Sosok Chareen bukanlah sosok yang harus mereka saingi, justru sebelum mereka maju pun mereka sudah memilih untuk mundur dengan suka cita dari pada harus maju dengan rasa malu yang amat sangat itu.
"Selamat datang kembali tuan Alegra..." Sapa mereka dengan tersenyum semanis mungkin, Alegra sendiri hanya mengangguk tanpa mengucapkan sepatah kata lagi.

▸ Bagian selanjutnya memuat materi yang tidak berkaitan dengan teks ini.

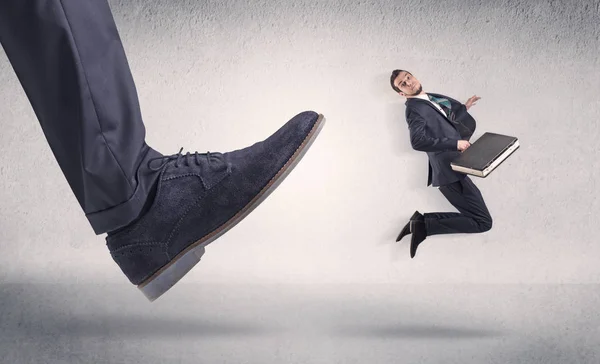 Small businessman kicked by big shoe — Stock Photo, Image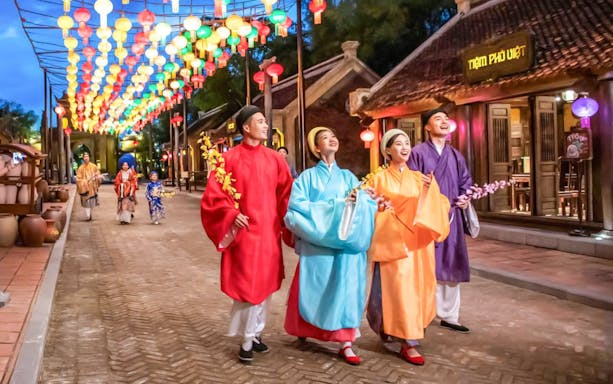 Performers in traditional Vietnamese attire under colorful lanterns at The Quintessence of Vietnam Show.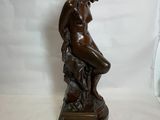 statue en bronze représentant une femme assise sur un rocher, les mains posées sur les genoux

Di belakangnya ada Raini yang hanya diam karena sudah terbiasa dengan sikap Alegra yang aneh itu.
"Apa ada rapat yang harus saya hadiri sore nanti?" Tanya Alegra dengan sikap profesional nya.

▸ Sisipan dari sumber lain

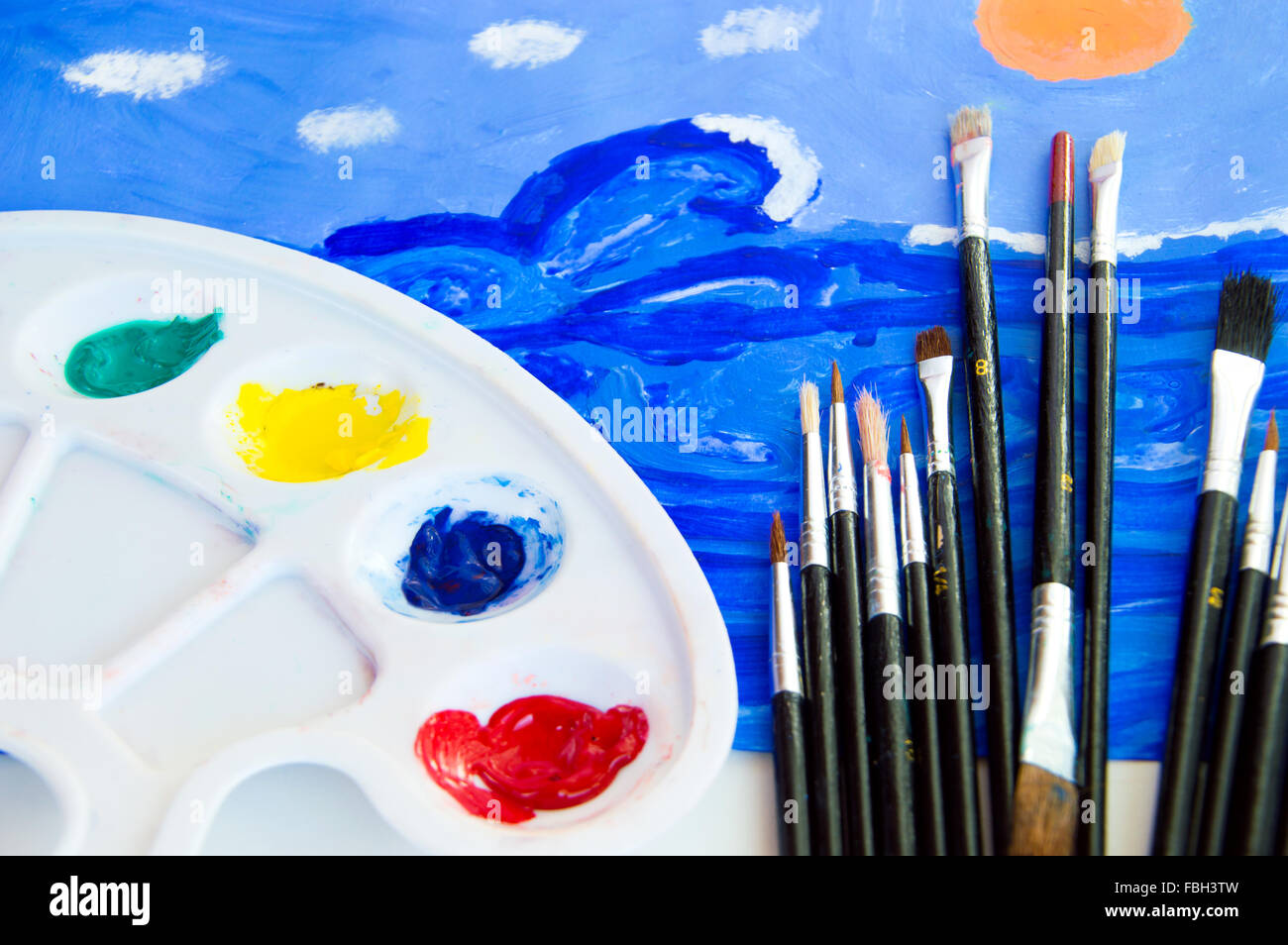 Paint brush and painters palette on table Stock Photo by ©seregam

"Ada tuan, pertemuan tersebut di langsungkan di salah satu restoran Jepang yang ada di taman kota." Balas Raini yang langsung melihat jadwal Alegra hari ini.
"Oke." Angguk nya.
Raini sendiri langsung kembali ke tempat duduknya, dia mulai bernafas lega karena akhirnya tugas Alegra kembali hal itu karena meringankan beban Raini yang bertugas sebagai sekertaris Alegra.
"..." Terlihat sosok Arjun yang datang dengan santai nya dan langsung duduk di salah satu sofa.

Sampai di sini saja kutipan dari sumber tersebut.